6) $19 million – AT&T Corp.

In April of last year, AT&T Corp agreed to pay out $19 million to a class of 1,421 field managers based in California who claimed that they were denied overtime pay. The claim that kicked off a class action suit and the eventual settlement alleged that AT&T violated the FLSA by classifying field agents as exempt from overtime, which stopped them from being compensated for the extraordinary hours they were required to work, or when they worked through their breaks. AT&T maintained that because the employees in question were “managers” and oversaw a group of up to 15 subordinates, they were squarely in the realm of exemption. The class argued that because they were required to work upwards of 70 hours weekly, did not do much onsite managing and did not have authority to hire and fire their teams, they were in fact eligible for overtime.

7) $17.5 million – 24 Hour Fitness USA, Inc.

While not one of the larger total settlements, 24 Hour Fitness USA’s Feb 2013 deal did yield one of the largest individual payout on the list. With a class made up of around 862 plaintiffs, each current and former employee of the fitness chain reportedly received $20,000 or more. The payout settled a class action lawsuit alleging that the company required trainers to not only work off the clock, but also did not pay them for overtime.

The deal came after a November 2012 decision by the National Labor Relations Board, which nullified arbitration agreements 24 Hour Fitness required new hires to sign, which barred them from entering class action lawsuits.

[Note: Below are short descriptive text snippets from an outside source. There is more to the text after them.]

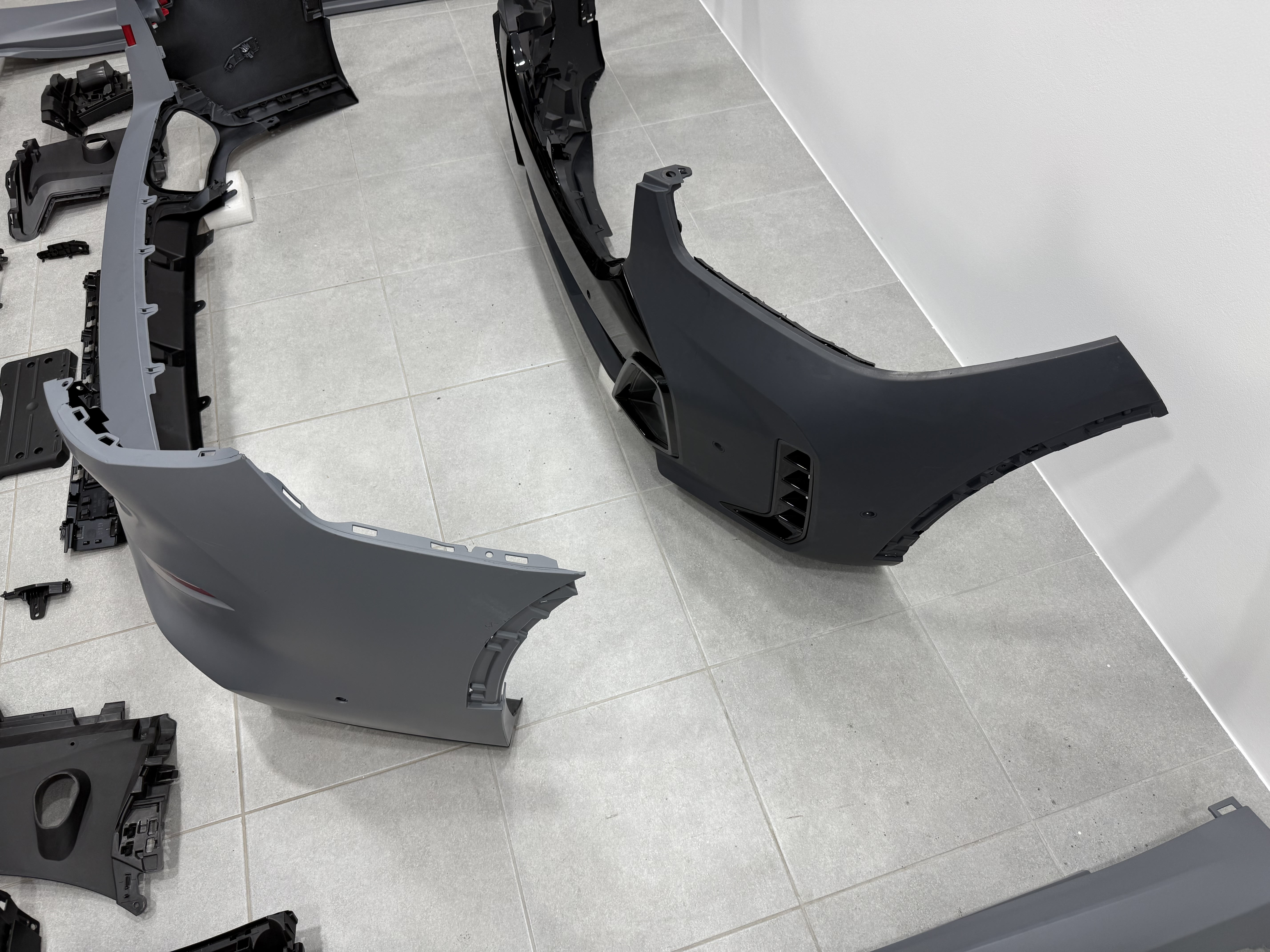 Комплект обвісу M paket M60i LCI BMW X5 G05 2023+ (передній / задній бампер, пороги, арки) 4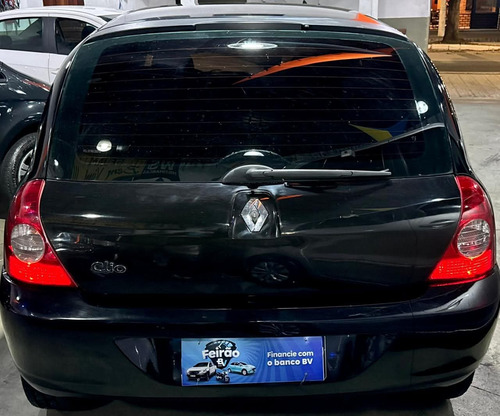 Renault Clio 1.0 16v Authentique Hi-flex 5p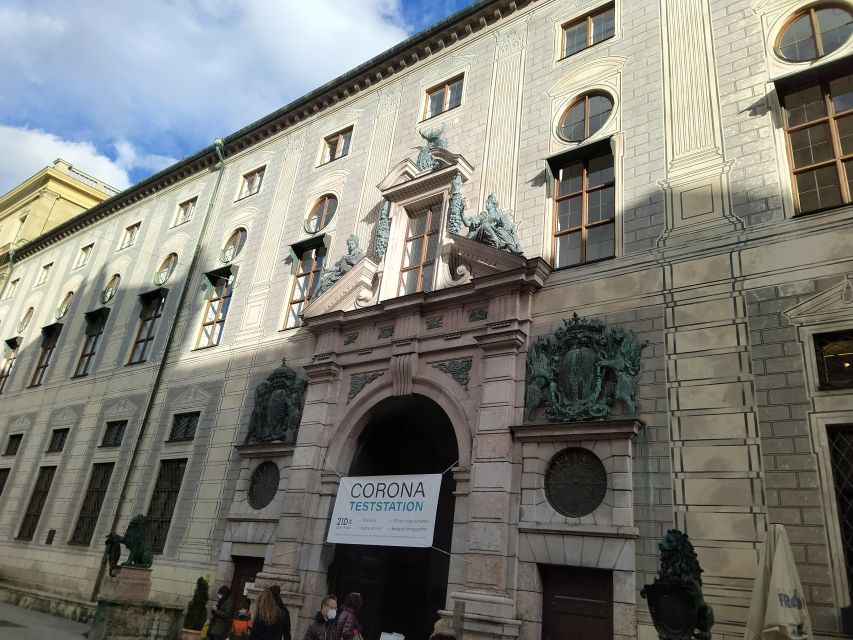 Munich Residenz: Private Tour with artists and historians - Entering the Munich Residenz: 139 rooms, one clear story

8) $14.3 million – Roto-Rooter Services Co.

In September of 2013, a federal judge approved Roto-Rooter’s efforts to settle with a class of service technicians who claim they were unfairly paid for their time with the company. The complaint, which was initially filed in 2010, alleged that technicians paid on a commission basis were not paid overtime or a minimum wage. The plaintiffs also contended that they had been subject to wage deductions that violated the FLSA. The amount settled to was paid out to current and former commissions paid technicians based on the time they had worked during the time frame in question.

9) $12 million – Merrill Lynch

In addition to the settlement it made to address unpaid differed salaries for financial advisers, in 2013, Merrill also agreed to settle a complaint filed by brokers’ assistants that they had not been properly paid for their overtime efforts. Members of the class argued that they had been paid based on the commission shared by the financial advisers that they worked for, however the class argued that under FLSA standards, this type of work should have been classified under non-exempt status. The deal goes to paying out overtime worked and fees for the class.

10) $12 million – Old Republic Title Co.

In June the Old Republic Title Co. agreed to settle a proposed class action, paying a class of roughly 1,100 employees. The class action alleged that employees of Old Republic Title Co and two of its subsidiaries were denied overtime, did not receive the proper meal and rest breaks, and were required to work off-the-clock during a six-year period.